Bob Corker would ‘strongly consider’ being secretary of state for Trump

Scott Broden, The Daily News Journal, August 19, 2016

Lou Ann Zelnick, past chairwoman of the Rutherford County Republican Party, U.S. Sen. Bob Corker and state Rep. Mike Sparks speak Thursday, Aug. 18, 2016. (Photo: Helen Comer / DNJ)

Lou Ann Zelnick, past chairwoman of the Rutherford County Republican Party, U.S. Sen. Bob Corker and state Rep. Mike Sparks speak Thursday, Aug. 18, 2016. (Photo: Helen Comer / DNJ)

MURFREESBORO — U.S. Sen. Bob Corker told reporters Thursday he’d “strongly consider” serving as secretary of state for Donald Trump if the Republican presidential nominee wins.

The Republican senator stopped by Murfreesboro on Thursday to serve as the speaker for a Rutherford County Republican Party lunch at the DoubleTree Hotel.

A former construction company owner, Tennessee commissioner of finance and mayor of Chattanooga, Corker won his Senate seat in 2006 and serves as the chairman of the Senate Foreign Relations Committee. Corker was on the short list of Trump’s for vice presidential candidate finalists before the Republican nominee chose Indiana Gov. Mike Pence

“I was better suited for (secretary of state),” Corker told reporters after the lunch event.

Corker during his speech also responded to foreign policy questions about Trump’s position on Russian President Vladimir Putin.

The senator promised that he does not have any romantic view about Putin or Russia.

“I see Putin as a raw power-grabbing person,” said Corker, noting how the Russian president caused instability in Europe by moving troops into part of Ukraine.

Putin also made it hard for the United States to promote democracy in Syria by moving troops there to protect Syrian President Bashar al-Assad’s government, a “huge setback for our nation,” Corker said.

Russia and the United States, however, do have a common interest in confronting terrorism, Corker said.

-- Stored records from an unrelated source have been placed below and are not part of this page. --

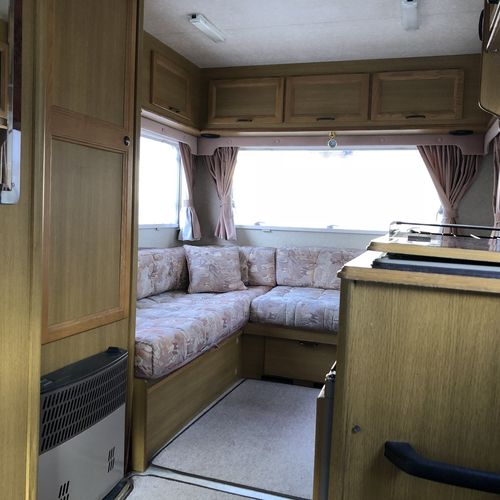 Elddis Suntor Motorhome 4 Berth - Peugeot Boxer 1.9 Turbo Diesel - 44112 miles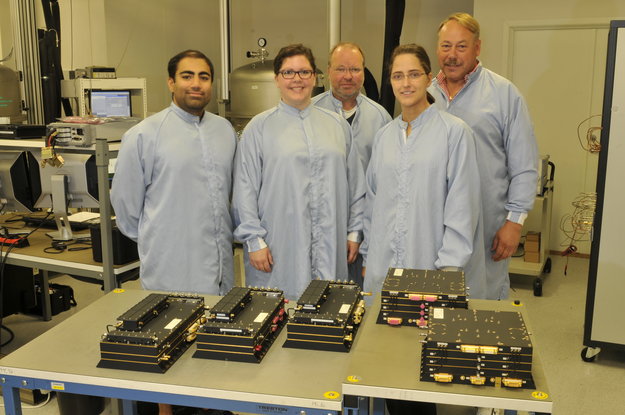 Norwegian Company Gives Galileo Its Voice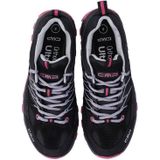 Cmp - Rigel Low Wp - Wandelschoenen - Grijs - Mesh - Waterdicht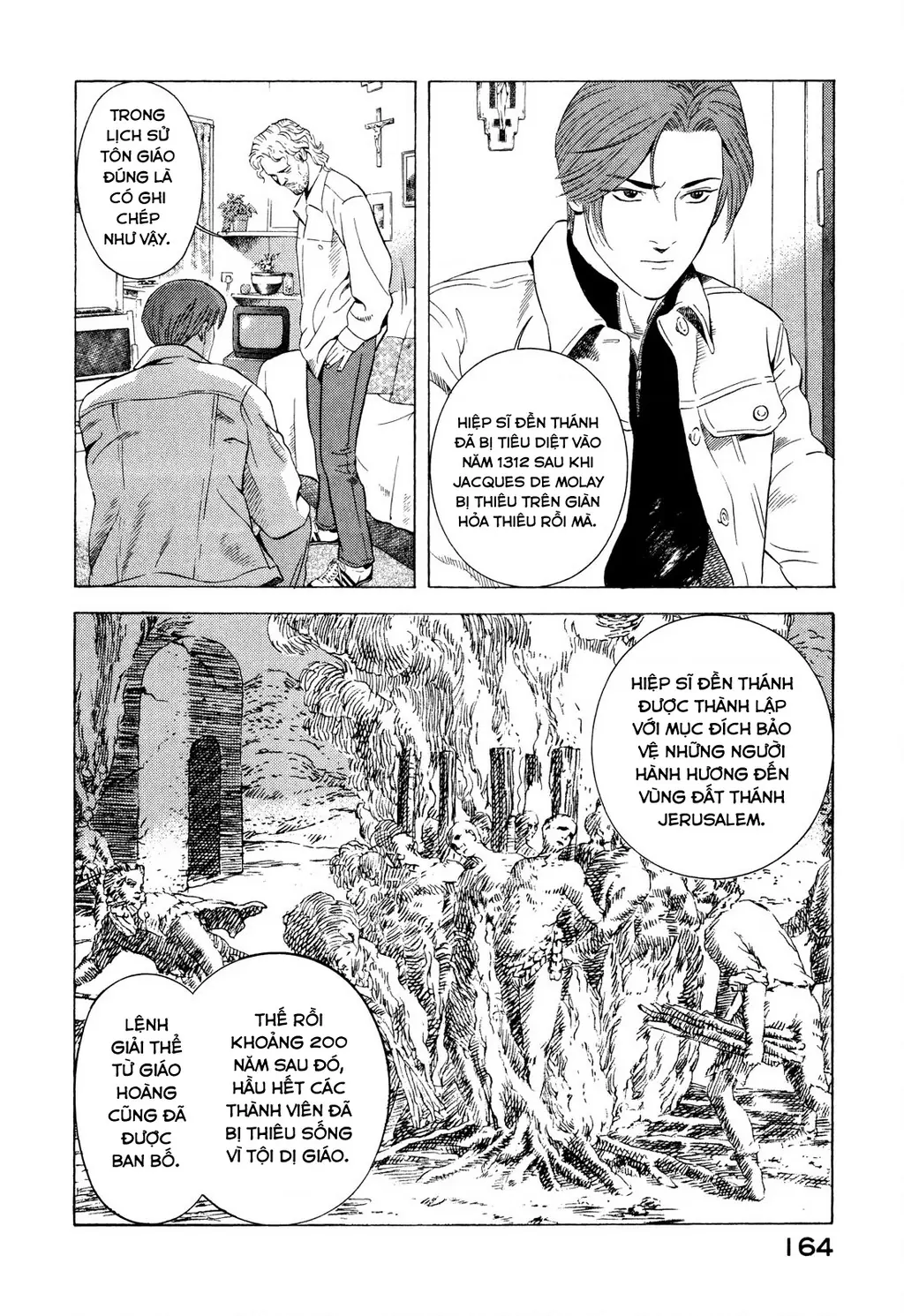 Yugo - Kẻ Thương Thuyết Chapter 72 - Trang 32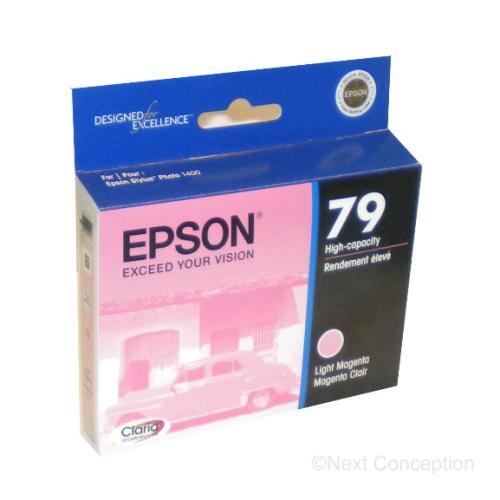 Absolute Toner T079620 EPSON STYLUS PRO 1400 LTMAGENTA HIGH CAPACITY Epson Ink Cartridges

“Terrorism is a greater threat to Russia,” Corker said.

Corker also assured the audience that he backs NATO even if Trump made suggestions that U.S. support of a country under attack should be based on the contribution from that nation.

“NATO is a fundamental piece to our security,” said Corker, who noted that the U.S. has 40,000 troops in Europe.

The senator, however, agreed with the concern that most other NATO allies are not honoring the goal of having 2 percent of their gross domestic product being spent on their defense, such as Germany with only 1.18 percent.

“It’s inappropriate for our nation” to be the provider of security services for other NATO allies, said Corker, who described the current condition as being “out of whack.”

The comments from Corker about Putin, Russia and NATO impressed audience member Andy Brunelle, an attorney who ran unsuccessfully as a Republican candidate for public defender here in 2014.

“I thought he knows what he’s talking about,” said Brunelle, who is a member of the Rutherford County Republican Party Executive Committee. “He’s very knowledgeable about the issue.”

National debt

Corker spent much of his speech talking about the nation’s $19 trillion debt and $100 trillion in unfunded liabilities.

“It is our number one threat to our nation,” Corker said.

The average couple pays $140,000 into Medicare, yet the cost to provide health care for them is $422,000, Corker said.

“It’s a national crisis and a personal crisis,” Corker said.

The unfunded liability for Medicare will continue to be a challenge as more members of the baby boom generation retire, said Corker, who also serves on the Senate Banking, Housing and Urban Affairs Committee and the Special Committee on Aging.

“We have to figure out a way to cut health care costs (and) create more competition on the Medicare side,” Corker told reporters after his speech. “We’ve got to make adjustments in these programs. Social Security is also out of balance. We have to make adjustments. We have to make tweaks.”

Corker also responded after state Rep. Mike Sparks of Smyrna talked about how student debt has risen to nearly $1.4 trillion.

“The cost of higher education is ridiculous,” said Corker, who’s worried about young adults having to pay off $70,000 in student loans. “It’s a national crisis.”